Updated at 2:35 p.m.
Controversial French comedian Dieudonne has gone on trial today on charges of “defending terrorism,” which stem from comments he made on Facebook after the deadly attack on the satirical weekly Charlie Hebdo.
His alleged crime was writing “Je me sens Charlie Coulibaly” (“I feel like Charlie Coulibaly”) on Facebook, an apparent reference to Amedy Coulibaly, the gunman who killed four people at a kosher market in Paris on Jan. 9. Dieudonne’s Facebook post was similar to “Je suis Charlie,” the message of solidarity that many people shared after the attack on the weekly by Islamist extremists on Jan. 7. The magazine had been targeted for its cartoons depicting the Prophet Muhammad.
Dieudonne told the court his comments were not to express support for the attackers.
“Of course I condemn the attacks without any restraint and without any ambiguity,” he said.
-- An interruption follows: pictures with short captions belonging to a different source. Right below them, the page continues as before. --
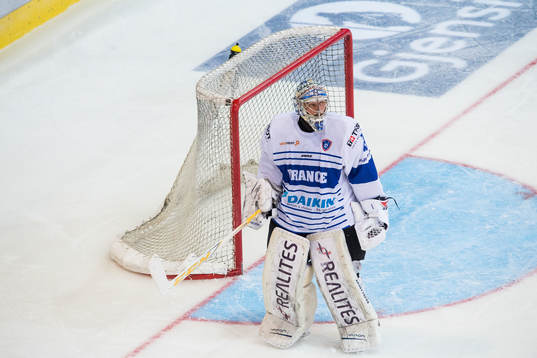 Goaltender Florian Hardy  of France looks dejected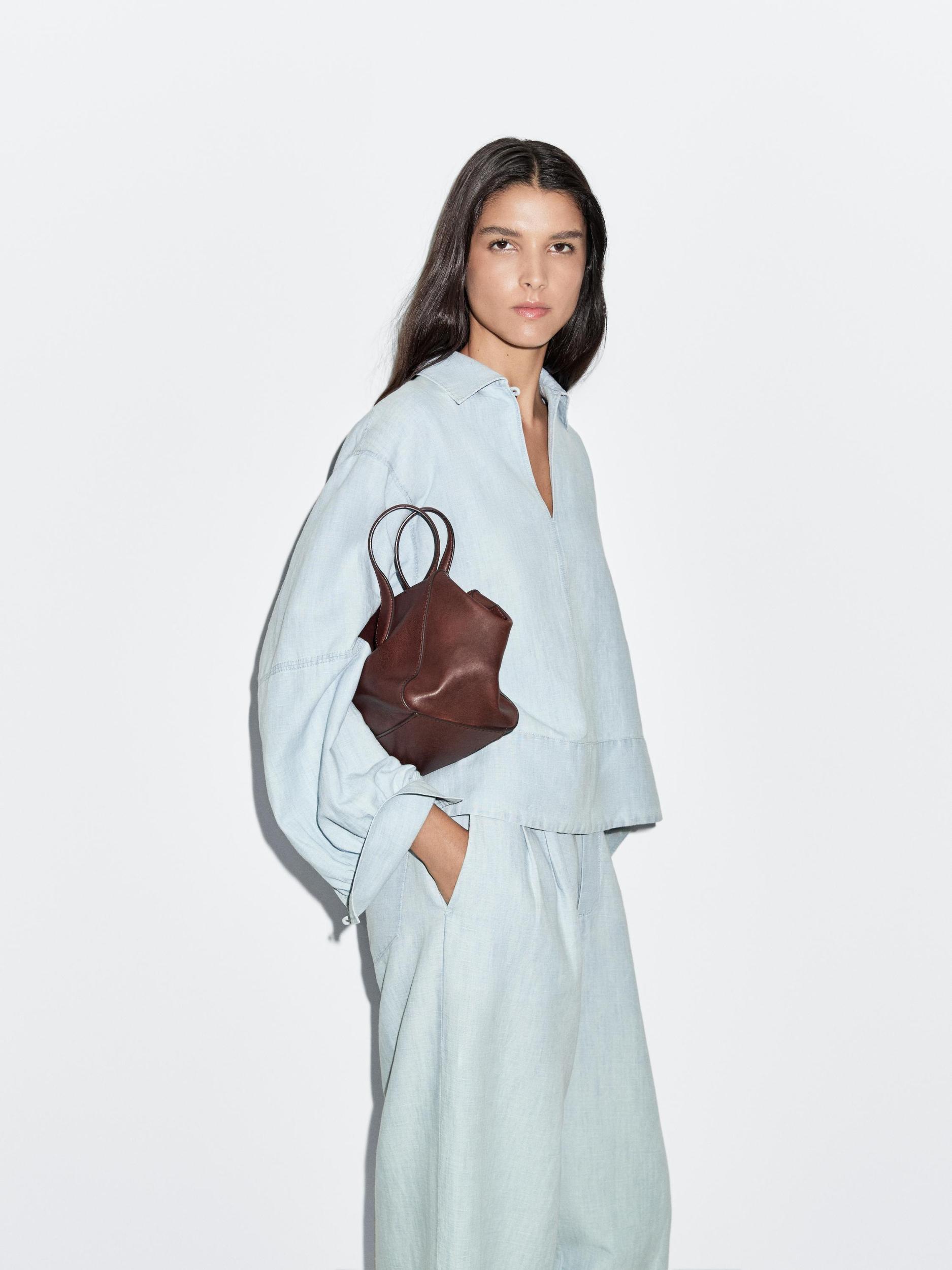 Oversize denim blouse with puff sleeves Product Image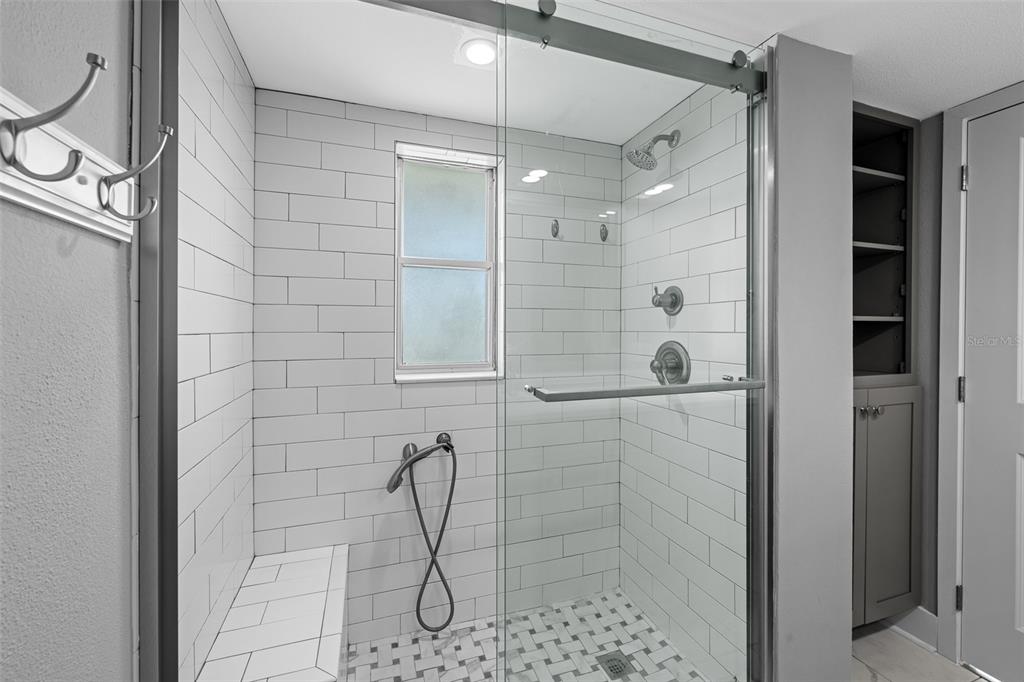 4775 Cove Circle, Unit 103 St. Petersburg, FL 33708 - Photo 29 of 61 a bathroom with a shower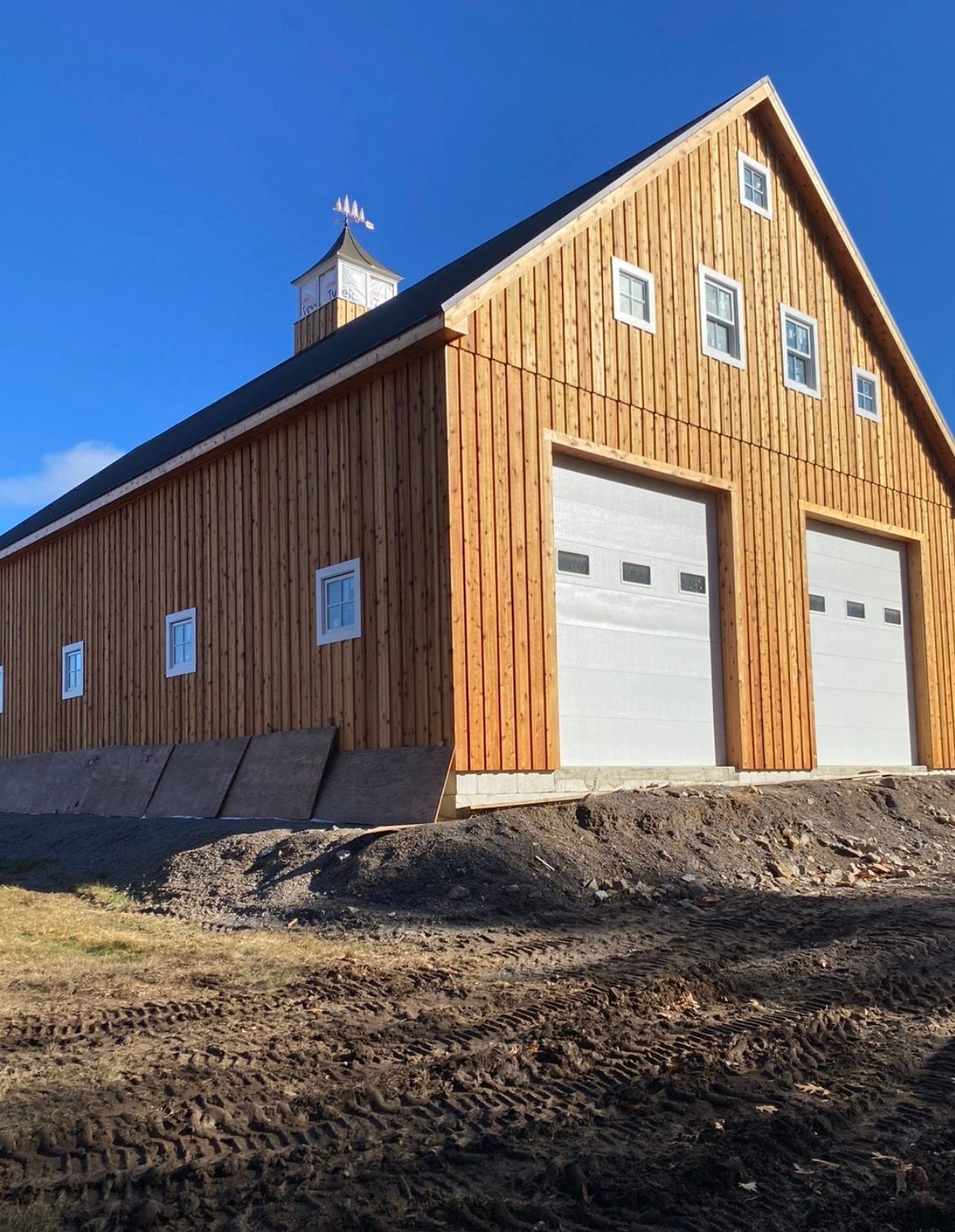 Wooden barn with two white garage doors and a steep roof under a clear blue sky.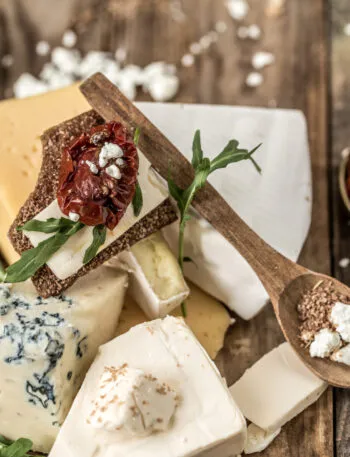 Tagliere con assortimento di formaggi per antipasti freschi e stagionati, cracker croccanti, pomodori secchi e rucola su tavolo rustico.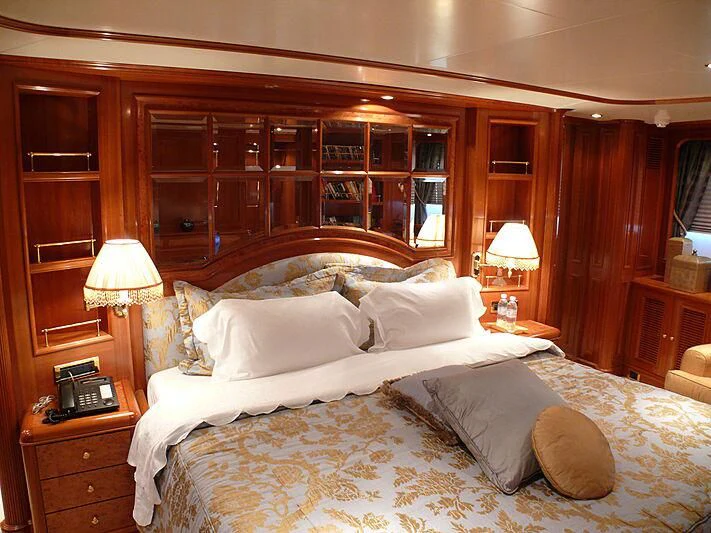 a bed with white sheets aboard BLIND DATE TOO Yacht for Sale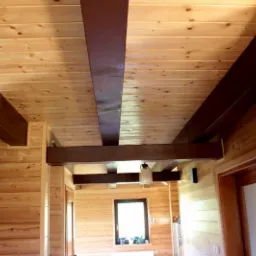 Wnętrze domu z drewnianą boazerią, sufitem z jasnych desek i ciemnymi belkami stropowymi, widoczny fragment ceglanego komina i dekoracyjny zegar.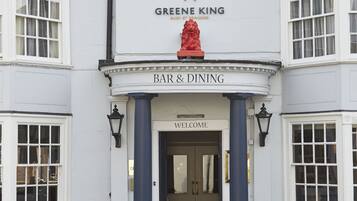 A building with a sign reading "The Red Lion" and "Bar & Dining" indicating it is a pub.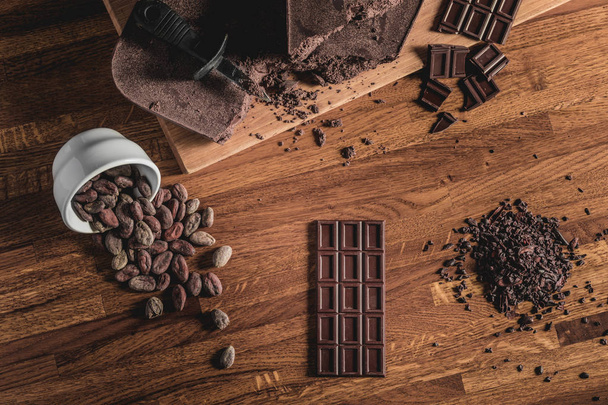 Sweet Table Top View arrangement of Cocoa beans, nibs and Chocolate bars on wooden surface. - Photo, image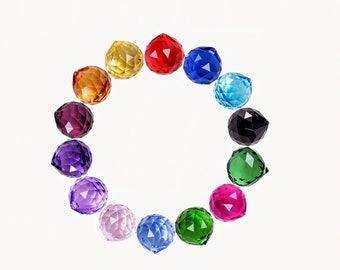 May include: A set of 12 crystal balls in various colors, including red, blue, green, purple, and yellow. The balls are arranged in a circle on a white background.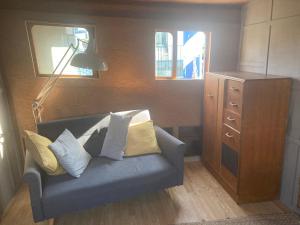 ein Wohnzimmer mit einem blauen Sofa und einer Lampe in der Unterkunft Ahoy London in London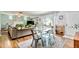 Dining area with glass top table and metal chairs at 1800 S Tennyson St, Denver, CO 80219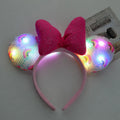 Pink LED mouse ears headband with a bow on a white background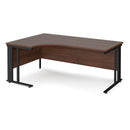 Dams Maestro 25 ergonomic desk with walnut finish and cable-managed leg, shown from the left side.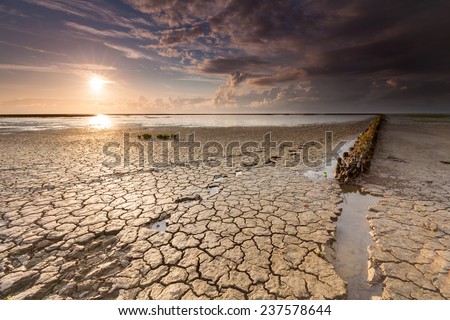 Sunset with low tide at the Wadden sea. Soil is showing some footprints.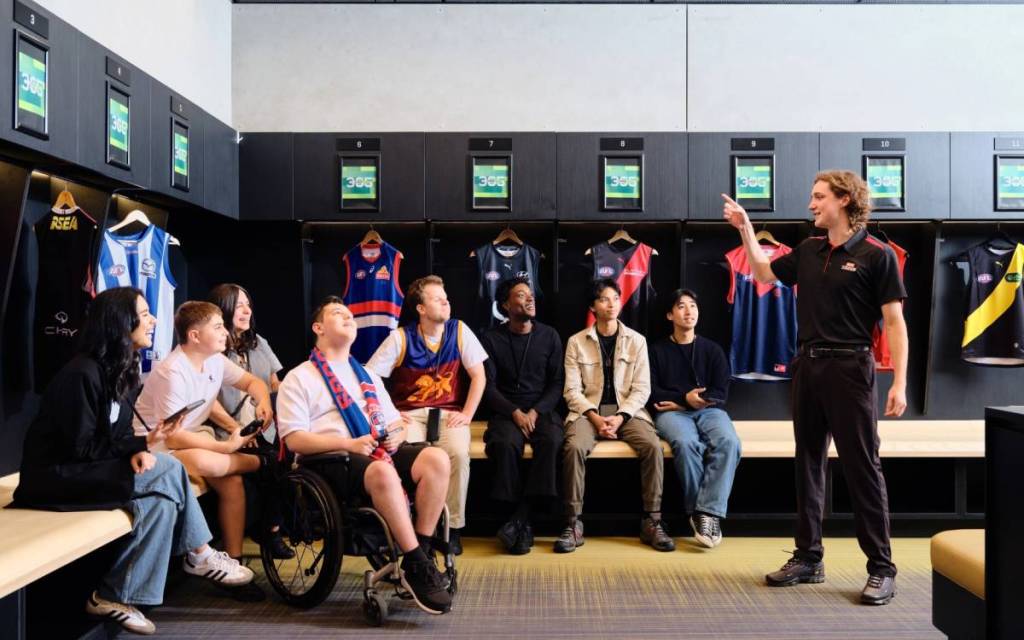 visitors inside a change room or locker room on a tour of Marvel Stadium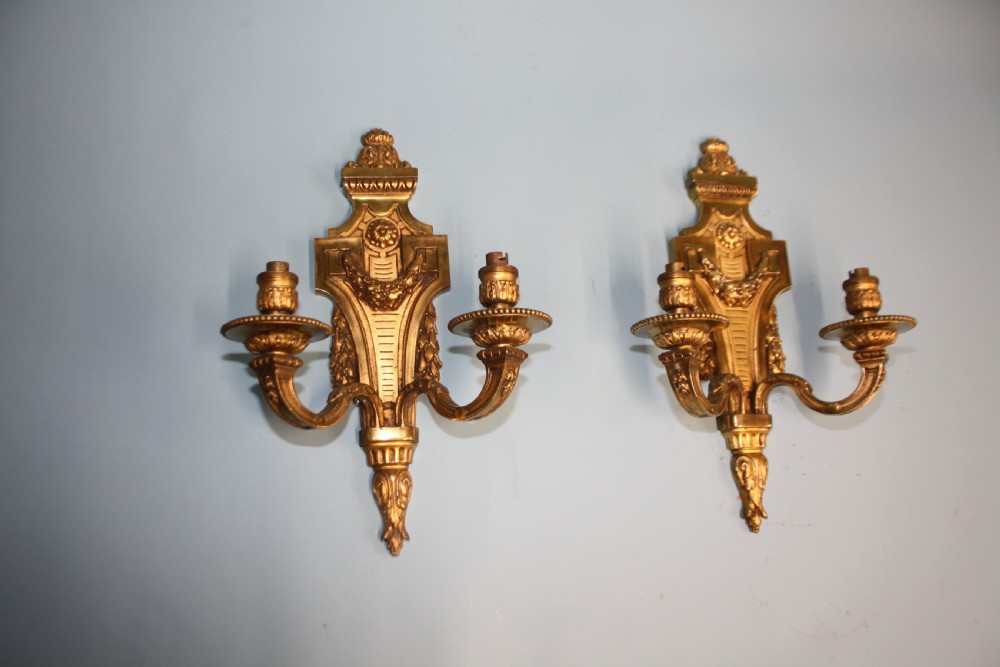A pair of early 20th-century cast brass twin-arm wall sconces featuring Neoclassical garland and wreath embellishments.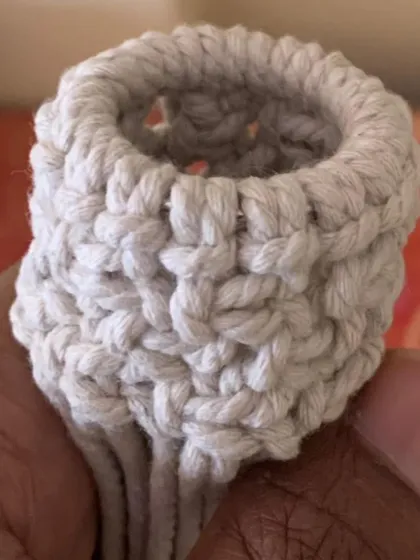 A close-up of a student's mini plant pod, showing the great texture they achieved with the knots.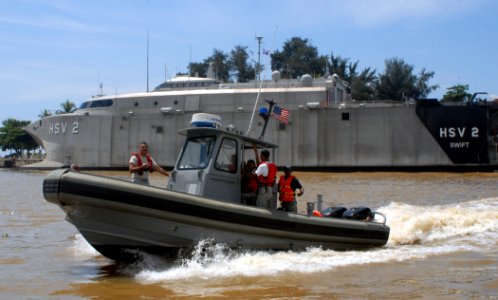 US Navy 100914-N-4971L-256 Sailors deployed aboard Swift (HSV 2) demonstrate proper techniques for maneuvering a rigid-hull inflatable (RHIB) boat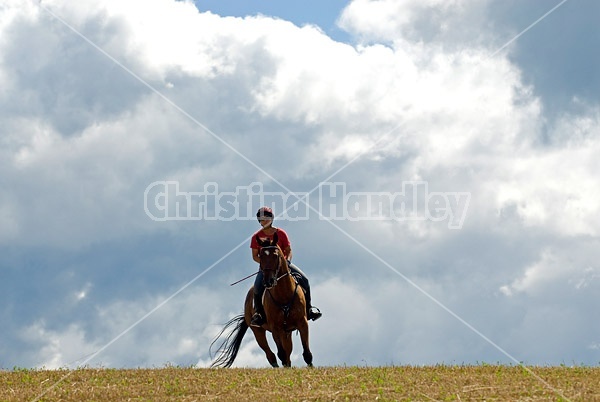 Woman horseback riding against big sky background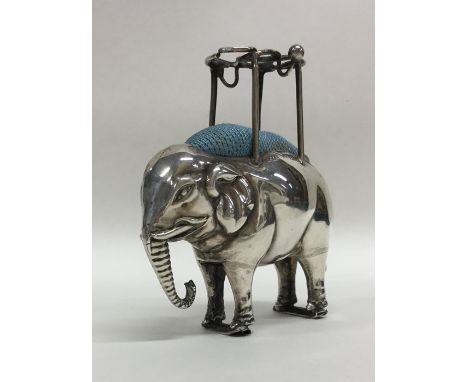 A large novelty silver pin cushion in the form of an elephant in standing position. Birmingham. By A&amp;L Ltd. Approx. 70 gr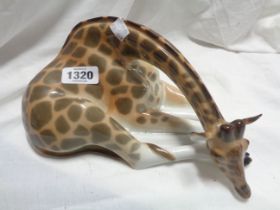 A USSR Lomonosov pottery figurine, depicting a recumbent giraffe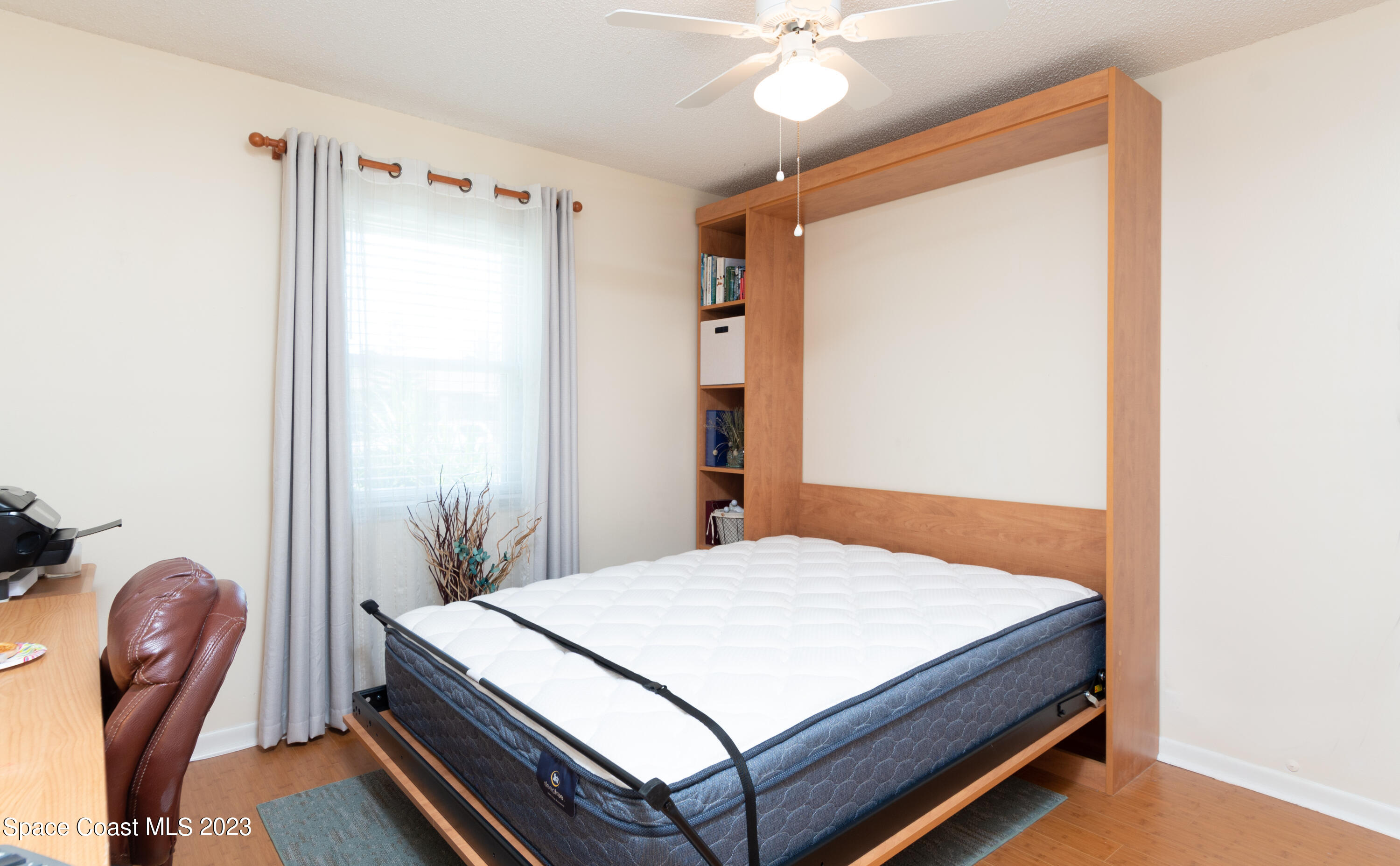 1919 Player Circle North Melbourne, FL 32935 - Photo 13 of 29 a bedroom with a bed and a chandelier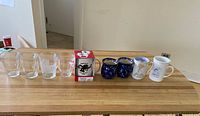 All nine mugs lined on tabletop including clear glass, boxed, speckled and printed ceramic pieces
If cound guilty, Dieudonne, whose full name is Dieudonne M’bala M’bala, faces up to seven years in prison and a nearly $6,000 fine.
Dieudonne has been in trouble before with the authorities. He has been fined for hate speech, and in 2013, the French government tried to shut down his comedy shows, which critics say are anti-Semitic and incite hatred. He rejects those accusations, maintaining that he is anti-Zionist and insisting that his skits target everyone.
But Dieudonne’s trademark gesture, which is known as a “quenelle,” is a straight-arm salute. Critics call it a reverse Nazi salute, but the comedian denies that.
The Facebook post for which Dieudonne has been charged has long been deleted, but the comedian also wrote an open letter to France’s interior minister, in which he accused Bernard Cazeneuve of “looking for a pretext to forbid me. You consider me like Amedy Coulibaly when I am not any different from Charlie.”
Dieudonne was also in court last week on separate charges of inciting racial hatred for comments he made in 2013.
Dieudonne’s arrest sparked debate in France about the limits of free speech in the country. Gerard Araud, the French ambassador to the U.S., defended his country’s record in an interview last month with NPR.
“In France, the speech is free, but [not] if it could lead either to a crime, or if it could be seen as libel. But this is of course under the control of the judge,” Araud said. “It’s for the judge to decide whether the red lines have been crossed.”